> [Dataset records]:
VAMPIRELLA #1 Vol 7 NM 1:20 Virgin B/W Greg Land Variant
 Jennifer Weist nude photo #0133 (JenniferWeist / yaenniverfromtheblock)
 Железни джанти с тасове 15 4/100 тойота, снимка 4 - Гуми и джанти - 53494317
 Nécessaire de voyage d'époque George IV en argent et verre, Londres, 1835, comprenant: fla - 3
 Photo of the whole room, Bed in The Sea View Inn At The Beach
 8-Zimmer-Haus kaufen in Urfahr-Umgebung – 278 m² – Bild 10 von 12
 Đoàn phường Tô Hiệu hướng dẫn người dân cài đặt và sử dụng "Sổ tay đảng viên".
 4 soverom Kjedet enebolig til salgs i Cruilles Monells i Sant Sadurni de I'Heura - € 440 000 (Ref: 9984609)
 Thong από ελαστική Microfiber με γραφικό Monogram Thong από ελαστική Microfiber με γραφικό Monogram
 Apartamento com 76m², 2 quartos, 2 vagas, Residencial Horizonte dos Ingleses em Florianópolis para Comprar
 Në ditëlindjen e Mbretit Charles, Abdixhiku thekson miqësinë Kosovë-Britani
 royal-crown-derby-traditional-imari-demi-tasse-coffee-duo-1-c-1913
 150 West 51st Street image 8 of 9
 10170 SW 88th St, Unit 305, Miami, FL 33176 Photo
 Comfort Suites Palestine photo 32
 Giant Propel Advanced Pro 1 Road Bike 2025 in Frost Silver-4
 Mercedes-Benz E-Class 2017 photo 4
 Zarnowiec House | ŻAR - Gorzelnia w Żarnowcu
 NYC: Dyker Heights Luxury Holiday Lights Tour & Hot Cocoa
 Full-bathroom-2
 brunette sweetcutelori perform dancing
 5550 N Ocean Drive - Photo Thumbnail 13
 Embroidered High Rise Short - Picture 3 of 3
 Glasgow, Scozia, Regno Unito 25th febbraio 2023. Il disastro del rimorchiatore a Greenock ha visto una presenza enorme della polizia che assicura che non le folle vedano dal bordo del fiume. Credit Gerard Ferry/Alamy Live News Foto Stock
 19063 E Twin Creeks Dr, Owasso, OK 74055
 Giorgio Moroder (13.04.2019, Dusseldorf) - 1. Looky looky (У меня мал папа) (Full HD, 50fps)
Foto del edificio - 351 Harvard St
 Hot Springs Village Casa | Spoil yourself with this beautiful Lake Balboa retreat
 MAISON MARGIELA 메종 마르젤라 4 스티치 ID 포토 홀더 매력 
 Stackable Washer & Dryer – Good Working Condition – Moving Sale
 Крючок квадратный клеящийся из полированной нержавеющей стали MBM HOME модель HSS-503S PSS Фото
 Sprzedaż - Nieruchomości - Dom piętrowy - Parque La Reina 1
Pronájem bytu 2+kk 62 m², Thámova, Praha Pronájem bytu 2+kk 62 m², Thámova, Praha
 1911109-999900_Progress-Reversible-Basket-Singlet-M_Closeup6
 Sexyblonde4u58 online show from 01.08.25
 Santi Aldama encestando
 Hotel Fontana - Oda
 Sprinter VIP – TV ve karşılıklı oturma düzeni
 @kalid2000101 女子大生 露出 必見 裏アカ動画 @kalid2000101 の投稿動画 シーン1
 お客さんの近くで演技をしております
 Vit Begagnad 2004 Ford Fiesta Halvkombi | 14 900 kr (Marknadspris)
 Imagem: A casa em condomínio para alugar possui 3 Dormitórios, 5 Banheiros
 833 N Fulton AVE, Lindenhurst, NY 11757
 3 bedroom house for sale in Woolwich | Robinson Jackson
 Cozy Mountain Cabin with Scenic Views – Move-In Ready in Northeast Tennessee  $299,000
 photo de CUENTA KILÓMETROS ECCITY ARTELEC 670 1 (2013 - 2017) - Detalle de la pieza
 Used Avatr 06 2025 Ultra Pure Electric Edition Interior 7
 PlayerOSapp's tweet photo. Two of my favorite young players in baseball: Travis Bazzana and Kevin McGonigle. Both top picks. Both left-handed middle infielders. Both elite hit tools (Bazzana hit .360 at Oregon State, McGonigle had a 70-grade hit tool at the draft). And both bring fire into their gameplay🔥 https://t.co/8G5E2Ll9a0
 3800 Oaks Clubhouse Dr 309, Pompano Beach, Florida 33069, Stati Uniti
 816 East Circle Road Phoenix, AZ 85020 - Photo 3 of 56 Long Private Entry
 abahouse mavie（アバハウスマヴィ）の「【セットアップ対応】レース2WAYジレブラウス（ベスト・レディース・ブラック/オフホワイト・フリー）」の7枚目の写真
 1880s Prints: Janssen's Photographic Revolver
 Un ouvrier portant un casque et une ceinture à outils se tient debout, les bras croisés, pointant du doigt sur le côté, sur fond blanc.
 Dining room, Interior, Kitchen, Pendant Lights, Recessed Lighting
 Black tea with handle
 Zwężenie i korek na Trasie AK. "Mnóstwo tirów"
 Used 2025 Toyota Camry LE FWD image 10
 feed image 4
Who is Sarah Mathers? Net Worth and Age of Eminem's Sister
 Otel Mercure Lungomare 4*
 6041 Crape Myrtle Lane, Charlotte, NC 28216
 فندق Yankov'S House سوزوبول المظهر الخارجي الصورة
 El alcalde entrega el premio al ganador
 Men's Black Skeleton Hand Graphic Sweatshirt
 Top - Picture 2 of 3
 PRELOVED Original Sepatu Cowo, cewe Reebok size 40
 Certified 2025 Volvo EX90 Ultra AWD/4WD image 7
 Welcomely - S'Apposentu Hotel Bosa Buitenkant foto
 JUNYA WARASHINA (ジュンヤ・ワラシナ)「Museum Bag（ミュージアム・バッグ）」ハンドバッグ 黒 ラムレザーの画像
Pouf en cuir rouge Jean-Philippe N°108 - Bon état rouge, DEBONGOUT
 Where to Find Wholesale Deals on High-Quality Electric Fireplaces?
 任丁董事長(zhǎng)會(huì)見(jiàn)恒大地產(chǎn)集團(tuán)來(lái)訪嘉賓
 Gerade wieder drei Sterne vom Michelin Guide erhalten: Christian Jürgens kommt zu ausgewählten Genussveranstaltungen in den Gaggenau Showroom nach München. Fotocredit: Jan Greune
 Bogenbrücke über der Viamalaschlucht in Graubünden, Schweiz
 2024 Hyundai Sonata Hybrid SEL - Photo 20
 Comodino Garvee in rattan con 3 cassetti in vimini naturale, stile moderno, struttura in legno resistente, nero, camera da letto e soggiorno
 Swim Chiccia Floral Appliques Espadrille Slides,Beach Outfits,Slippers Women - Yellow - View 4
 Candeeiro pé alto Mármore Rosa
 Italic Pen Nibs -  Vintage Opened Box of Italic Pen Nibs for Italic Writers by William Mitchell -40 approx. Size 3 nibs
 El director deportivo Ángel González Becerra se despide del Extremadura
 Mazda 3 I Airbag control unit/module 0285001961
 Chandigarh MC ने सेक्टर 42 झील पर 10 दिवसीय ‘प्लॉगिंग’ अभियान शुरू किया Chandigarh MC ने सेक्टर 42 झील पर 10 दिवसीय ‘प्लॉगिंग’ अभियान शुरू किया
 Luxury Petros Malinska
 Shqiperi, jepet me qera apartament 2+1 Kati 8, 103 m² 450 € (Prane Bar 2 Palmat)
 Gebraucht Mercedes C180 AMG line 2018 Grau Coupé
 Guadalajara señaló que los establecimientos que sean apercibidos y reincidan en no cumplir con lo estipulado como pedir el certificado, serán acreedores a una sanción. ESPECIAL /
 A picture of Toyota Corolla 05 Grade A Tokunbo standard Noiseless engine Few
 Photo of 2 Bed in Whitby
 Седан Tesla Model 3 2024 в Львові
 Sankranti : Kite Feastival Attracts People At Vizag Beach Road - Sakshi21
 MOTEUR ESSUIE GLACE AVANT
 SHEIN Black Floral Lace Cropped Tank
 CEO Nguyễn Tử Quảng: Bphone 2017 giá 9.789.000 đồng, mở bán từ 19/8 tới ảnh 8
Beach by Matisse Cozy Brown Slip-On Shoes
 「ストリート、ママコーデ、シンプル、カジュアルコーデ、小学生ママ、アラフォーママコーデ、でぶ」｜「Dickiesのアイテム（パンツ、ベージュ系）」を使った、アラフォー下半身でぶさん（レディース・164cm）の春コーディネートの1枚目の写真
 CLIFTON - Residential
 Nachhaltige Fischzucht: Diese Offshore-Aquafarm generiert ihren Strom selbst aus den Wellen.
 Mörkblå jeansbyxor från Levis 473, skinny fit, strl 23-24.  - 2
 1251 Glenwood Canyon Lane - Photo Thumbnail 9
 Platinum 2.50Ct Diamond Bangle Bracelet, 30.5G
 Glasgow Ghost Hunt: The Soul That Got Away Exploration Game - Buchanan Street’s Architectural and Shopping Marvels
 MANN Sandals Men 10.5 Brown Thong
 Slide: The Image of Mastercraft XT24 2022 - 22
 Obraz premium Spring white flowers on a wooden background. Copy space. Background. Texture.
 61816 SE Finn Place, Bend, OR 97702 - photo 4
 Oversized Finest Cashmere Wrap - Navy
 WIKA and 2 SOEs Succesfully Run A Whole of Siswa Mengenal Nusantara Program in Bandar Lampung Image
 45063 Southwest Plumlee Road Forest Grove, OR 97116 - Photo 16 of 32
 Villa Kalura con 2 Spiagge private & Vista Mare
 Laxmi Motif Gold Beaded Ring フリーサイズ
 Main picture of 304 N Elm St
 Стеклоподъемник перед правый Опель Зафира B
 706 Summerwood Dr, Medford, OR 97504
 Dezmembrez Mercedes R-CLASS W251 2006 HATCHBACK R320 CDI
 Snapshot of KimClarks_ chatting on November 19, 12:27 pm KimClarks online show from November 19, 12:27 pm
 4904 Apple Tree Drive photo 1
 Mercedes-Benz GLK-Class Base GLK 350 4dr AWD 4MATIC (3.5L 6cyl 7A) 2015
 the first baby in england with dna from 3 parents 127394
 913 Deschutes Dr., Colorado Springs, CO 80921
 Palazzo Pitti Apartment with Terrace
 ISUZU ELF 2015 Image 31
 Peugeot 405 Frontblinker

> [What you have to do]: All lines above from the line with "Apartamento com 76m², 2" through the line with "Zarnowiec House | ŻAR - Gorzelnia w Żarnowcu", both included, are to be set down exactly, with nothing else.

> [Exercise solution]:
 Apartamento com 76m², 2 quartos, 2 vagas, Residencial Horizonte dos Ingleses em Florianópolis para Comprar
 Në ditëlindjen e Mbretit Charles, Abdixhiku thekson miqësinë Kosovë-Britani
 royal-crown-derby-traditional-imari-demi-tasse-coffee-duo-1-c-1913
 150 West 51st Street image 8 of 9
 10170 SW 88th St, Unit 305, Miami, FL 33176 Photo
 Comfort Suites Palestine photo 32
 Giant Propel Advanced Pro 1 Road Bike 2025 in Frost Silver-4
 Mercedes-Benz E-Class 2017 photo 4
 Zarnowiec House | ŻAR - Gorzelnia w Żarnowcu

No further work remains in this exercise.